La ilusión creada por quienes manejan encuestas, sondeos y otros métodos similares para difundir una visión de la realidad consiste en vender la idea de que ésta ha sido sometida a una herramienta científica y, por lo tanto, debemos aceptar cualquier interpretación díscola de los resultados. Por ejemplo, las preguntas insulsas que hacen cada mañana los presentadores del programa Contacto Directo de Ecuavisa para crear la ilusión de que consultan al público y reforzar así la proyección de sus propios deseos.

Pero no solo los medios recurren al artificio de las encuestas como herramientas legitimadoras de sus discursos.
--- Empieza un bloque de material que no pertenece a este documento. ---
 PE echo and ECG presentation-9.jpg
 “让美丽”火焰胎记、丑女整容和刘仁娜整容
También el poder político echa mano de este recurso, lo cual no es una novedad, y no habría motivado el tema de esta columna, si no fuera porque lo hace para vender una idea que bien podría ganar el primer lugar en un concurso delirante: la de que los ecuatorianos somos más felices cada día y, lo que es más absurdo, de que es posible medir la felicidad mediante cifras.
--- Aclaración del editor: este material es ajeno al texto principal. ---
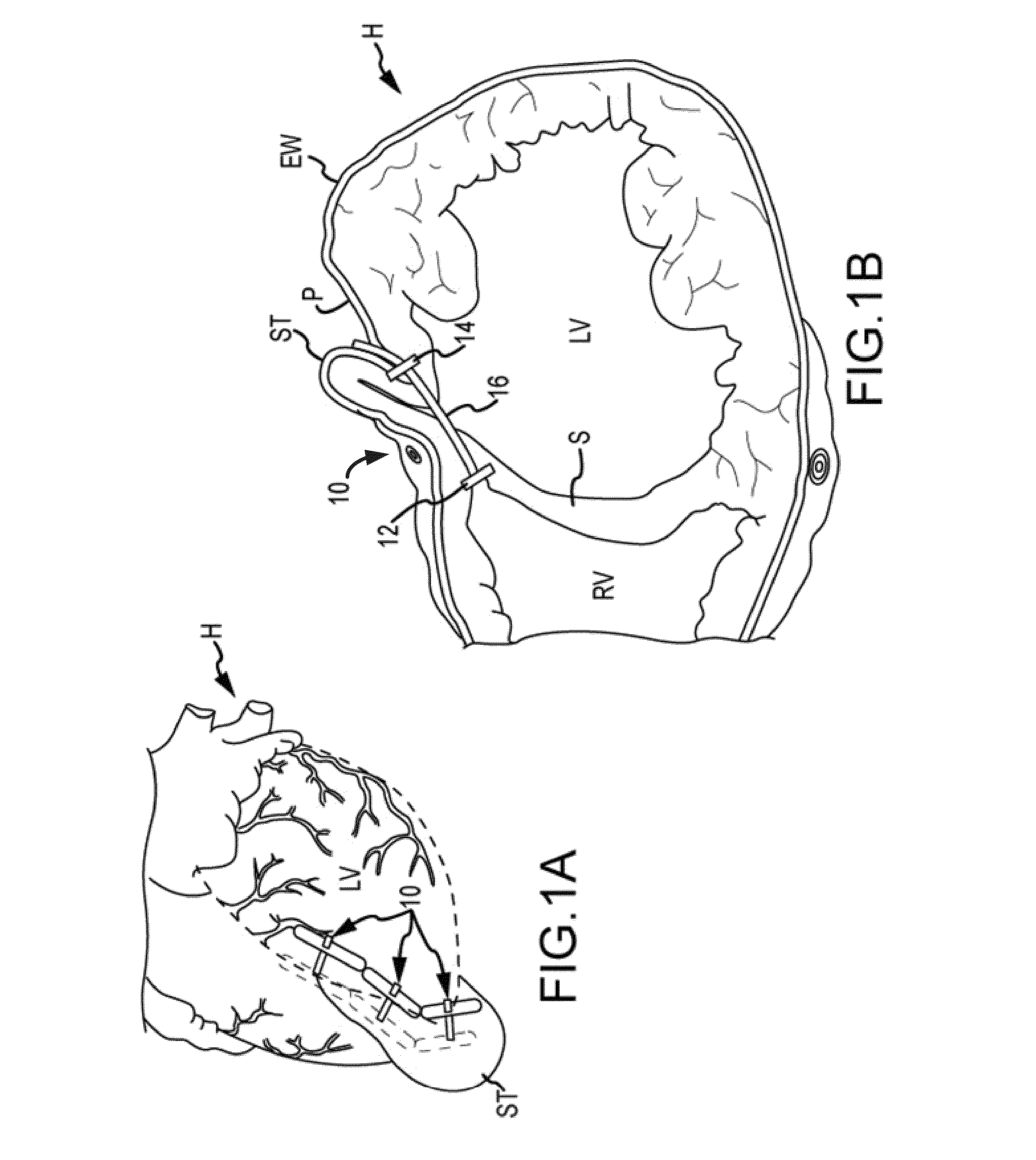 Trans-catheter ventricular reconstruction structures, methods, and systems for treatment of congestive heart failure and other conditions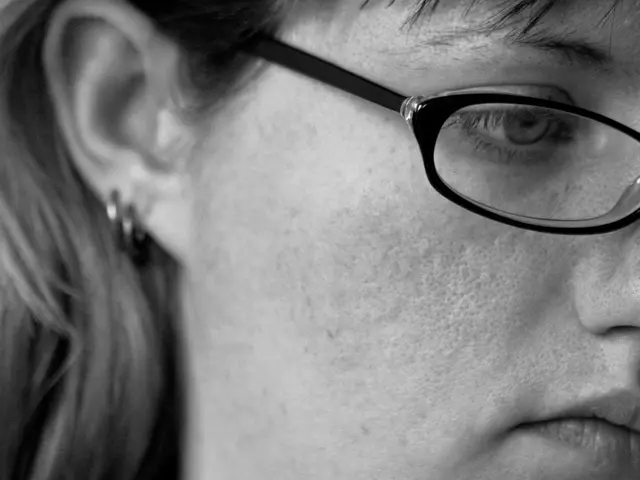 In this picture we can see face of a woman who is wearing spectacles.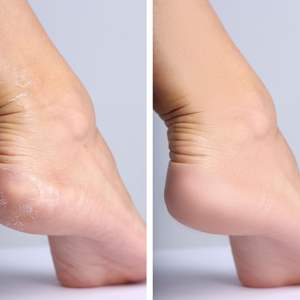 Exfoliante de pies de madera UBI con mango largo de madera y papel de lija para eliminar callosidades, piel muerta, pies y talones secos, para usar en la ducha. - Product Image 4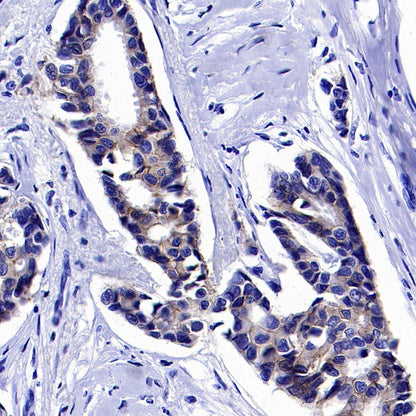 ErbB3 Recombinant Rabbit mAb (SDT-991-73)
En efecto, según un boletín de prensa de la Vicepresidencia de la República, el Gobierno realizó una investigación llamada “La felicidad como medida del buen vivir en el Ecuador”, en el marco de la campaña “Sonríe Ecuador, somos gente amable”. El resultado, dice el boletín, es que “En comparación con el 2007 se pudo percibir, de acuerdo al estudio, un incremento en la felicidad de la gente, en 17,1% en 2008, es decir, de 30,8% en el 2007 pasó al 47,9% en el 2008”.

¿Significa que a este paso, en dos o tres años más, todos seremos felices? ¿Para qué entonces nos preocupamos de la Constitución, de la violencia, del invierno, de la frontera, del amigo del primo segundo de Chauvín, si pronto todos seremos felices? Que la vida es un carnaval puede decirlo Celia Cruz, pero ¿la Senplades?

Aunque las dijo hace rato, no por ello pierden vigencia las reflexiones de Pierre Bourdieu, respecto de que las encuestas ayudan a crear el espejismo de que todo el mundo tiene una opinión sobre algo y, más todavía, de que existen opiniones colectivas, lo cual es imposible porque las encuestas solo miden respuestas y no opiniones. La diferencia entre lo uno y lo otro radica en que las respuestas son inflexibles, cerradas, limitadas a un sí o no. En cambio, las opiniones son amplias y variables debido a las tensiones internas, a las dudas y elucubraciones de quien las elabora.

Por eso, nada más inútil y fuera de foco que representar la felicidad en porcentajes. Bueno, los autores del estudio al menos lograron que muchos nos sintiéramos felices de encaminarlo al montón de hojas de reciclaje.